= Esperanto in Malaysia =

International auxiliary language in Malaysia

Esperanto has a small presence in Malaysia although no Esperanto associations or clubs are there.

==Activity in the 2010s==

A school club operated at the San Min Chinese Independent School, which is in Teluk Intan, Perak, but was discontinued in 2014.

The Tsung Wah Old Students' Association was a CEFR 2012 Worldwide Written test center in Kuala Kangsar, Perak.

JCI, Teluk Intan branch conducted an elementary course in March, 2012.

Aik Keow Chinese Primary School in Teluk Air Tawar, Seberang Prai, Penang held a 3-hour introductory course for 20 pupils during the school holidays in November, 2012.

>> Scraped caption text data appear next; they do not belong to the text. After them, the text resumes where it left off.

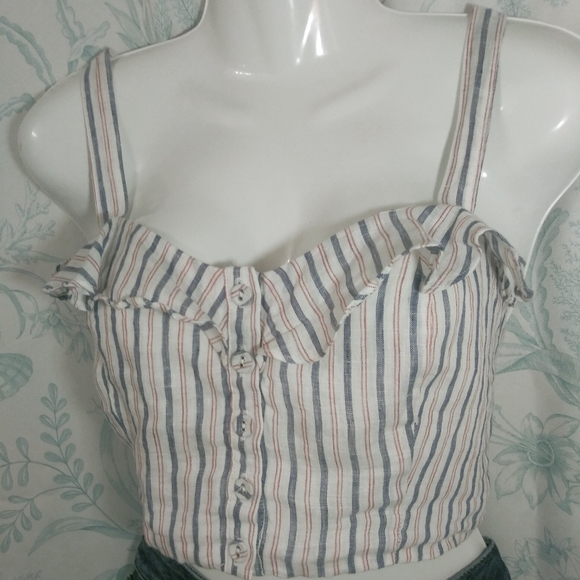 🥤Crop Top🥤 - Picture 2 of 4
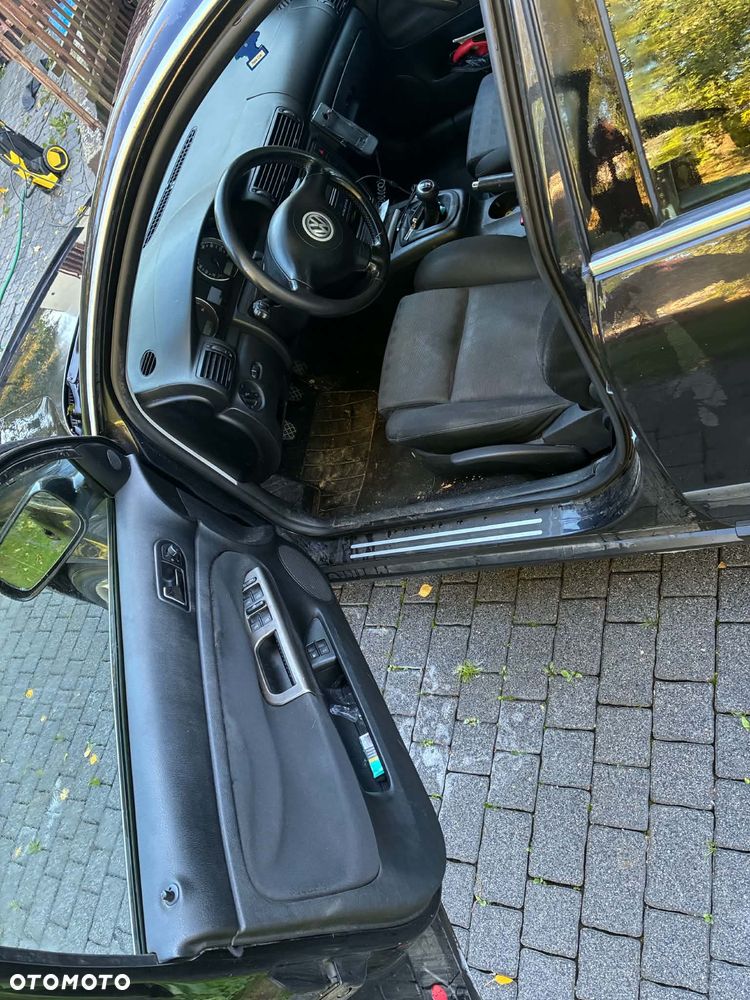 Volkswagen Passat 2003 photo 4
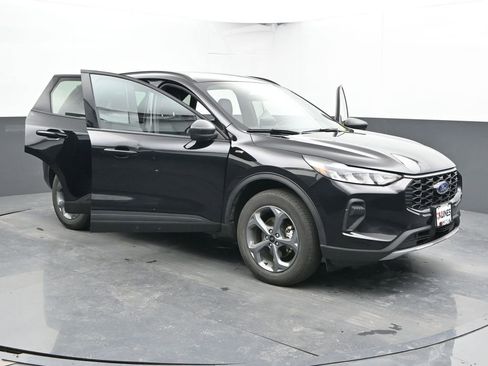 Used 2025 Ford Escape ST-Line image 33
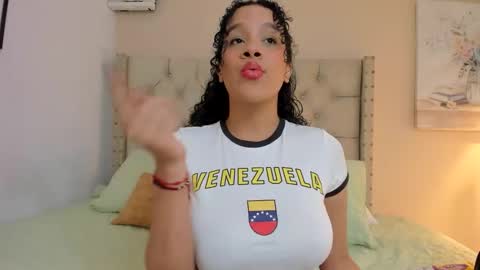 melania_xtreme online show from May 19, 1:11 am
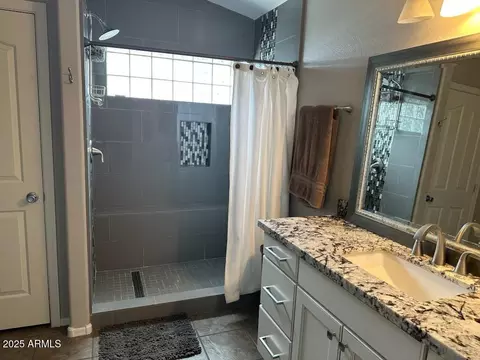 Bath - 4721 E Abraham Ln, Phoenix, AZ 85050 photo 2 of 2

Aik Keow Ex-pupils' Association in Teluk Air Tawar, Seberang Prai, Penang conducted a 4-hour Introductory course for the members as well as non members in December, 2012

==Reasons for the lack of popularity==

- Local media rarely cover related activities. Coverage in Chinese-language media is mainly on local pages.
- Loyar Burok is the only strong supporter of Esperanto activities in Malaysia.

==125-year celebration==

- Esperanto Club of San Min in Teluk Intan-o issued 4 sets of commemorate stamps.
- Esperanto Club of San Min, Junior Chamber International (JCI), Teluk Intan branch and simpla-vivo.com printed 1000 postcards.
- Malaysia Esperanto Studies Group (MESG) printed 4,000 postcards.
- In conjunction with its 10th anniversary, Universiti Tuanku Abdul Rahman (UTAR) arranged a talk by Sinjoro ENG on the Perak main campus.